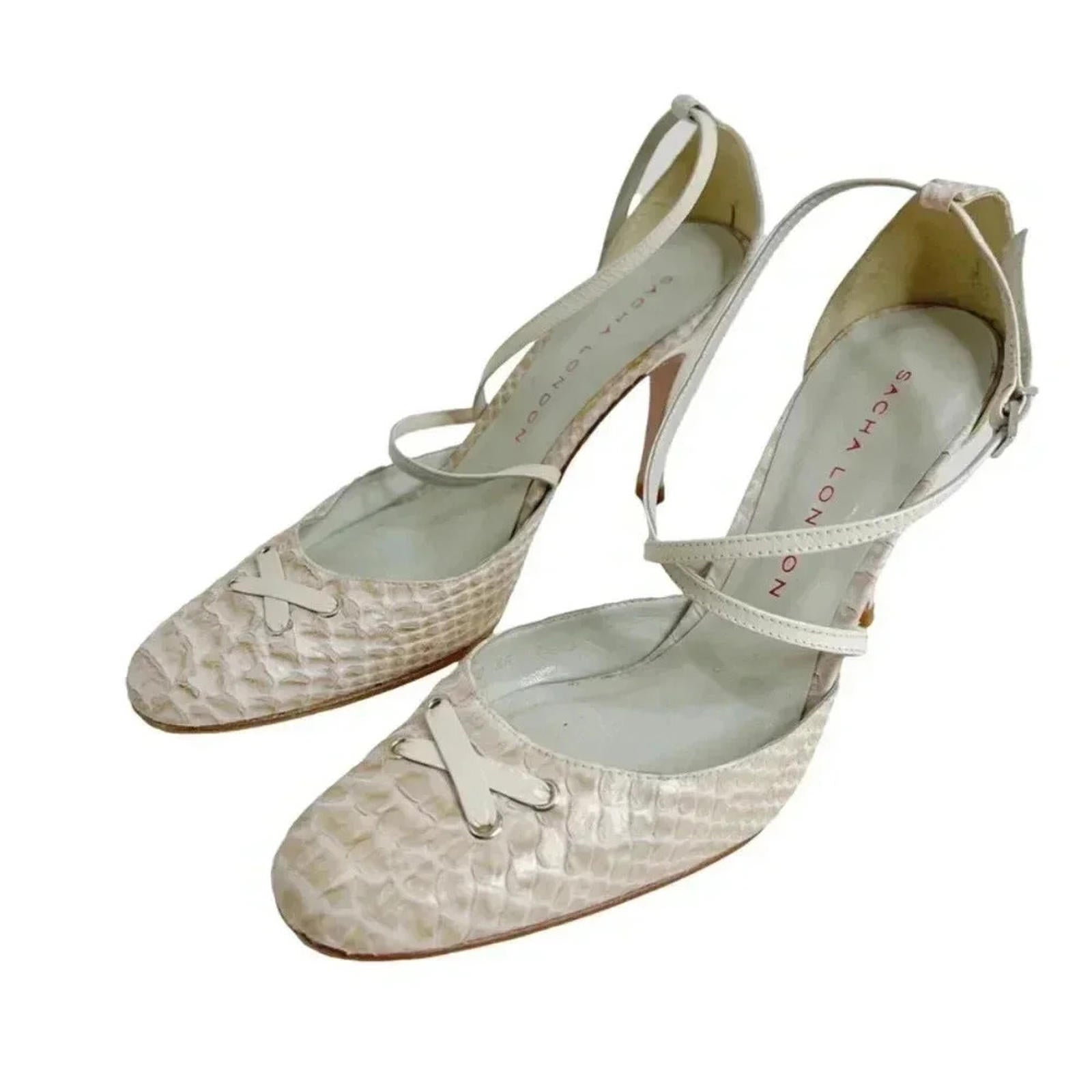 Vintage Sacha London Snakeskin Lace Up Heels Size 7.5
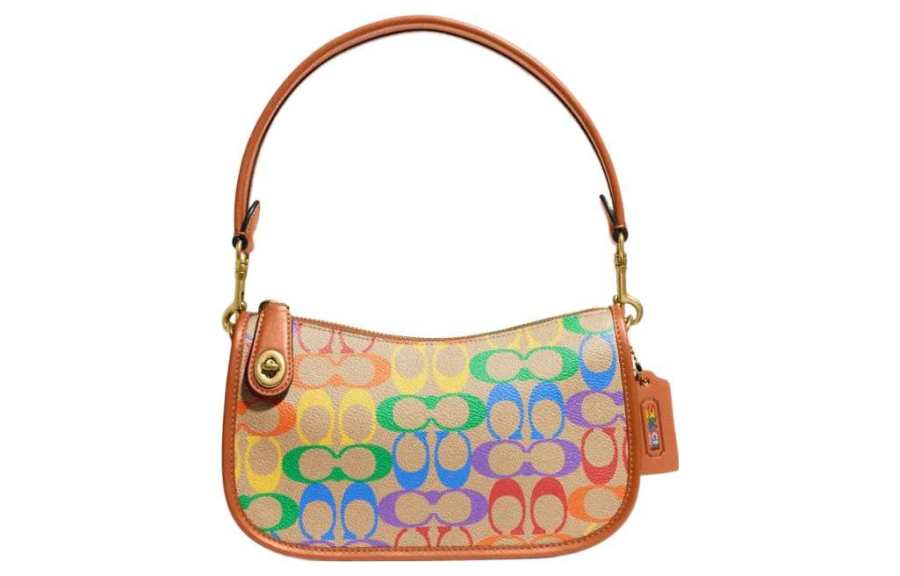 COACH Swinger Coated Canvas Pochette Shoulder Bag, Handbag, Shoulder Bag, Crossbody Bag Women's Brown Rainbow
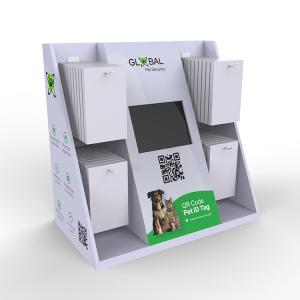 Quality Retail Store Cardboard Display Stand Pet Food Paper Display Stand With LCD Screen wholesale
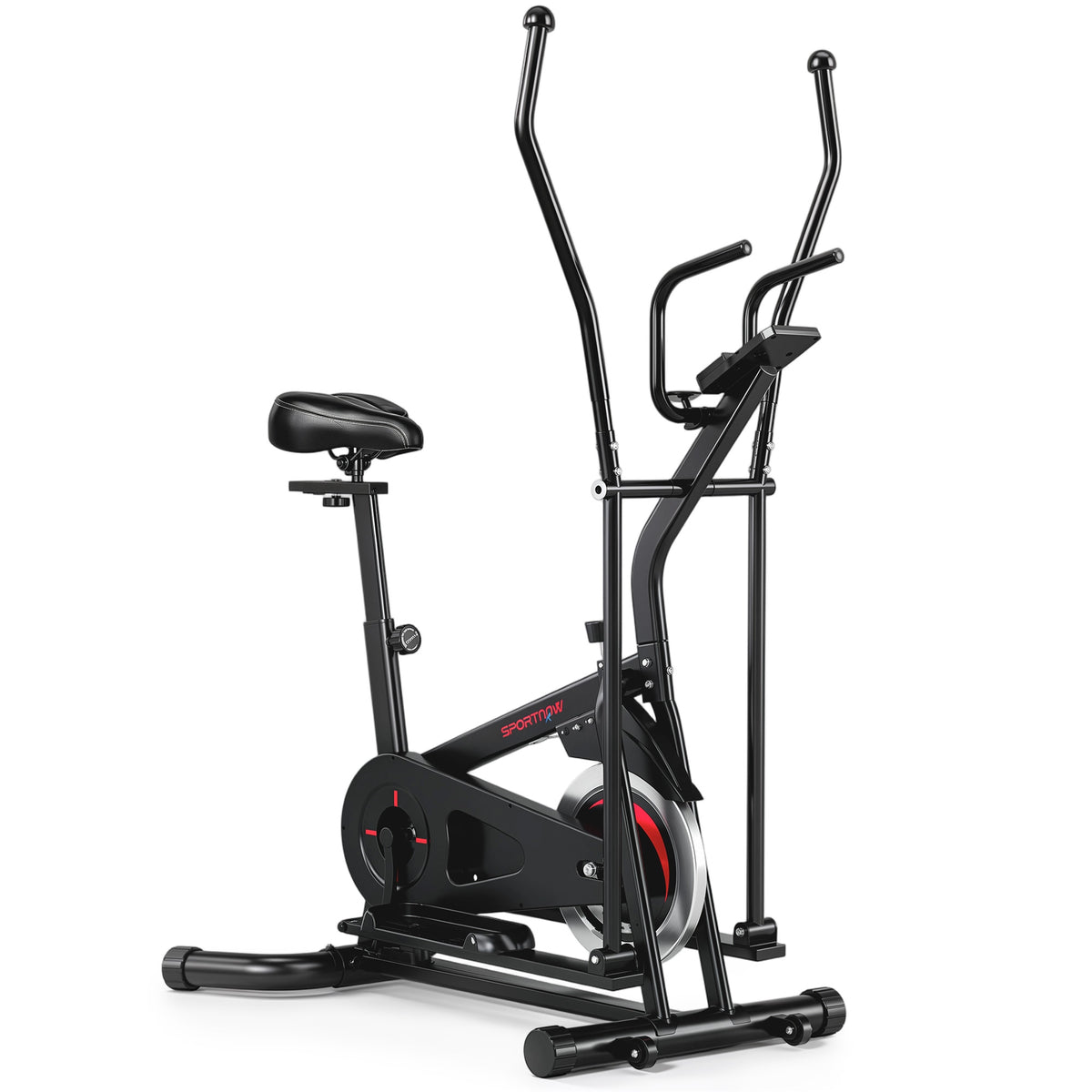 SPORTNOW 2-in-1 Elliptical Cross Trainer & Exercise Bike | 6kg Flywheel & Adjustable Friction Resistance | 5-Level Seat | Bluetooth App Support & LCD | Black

**Instructions for the task:** Take the line containing "Quality Retail Store" as the first line and the last line of the data above as the final one, and output exactly the lines between them, inclusive, with no pictures.

**The completed task:**
 Quality Retail Store Cardboard Display Stand Pet Food Paper Display Stand With LCD Screen wholesale
 SPORTNOW 2-in-1 Elliptical Cross Trainer & Exercise Bike | 6kg Flywheel & Adjustable Friction Resistance | 5-Level Seat | Bluetooth App Support & LCD | Black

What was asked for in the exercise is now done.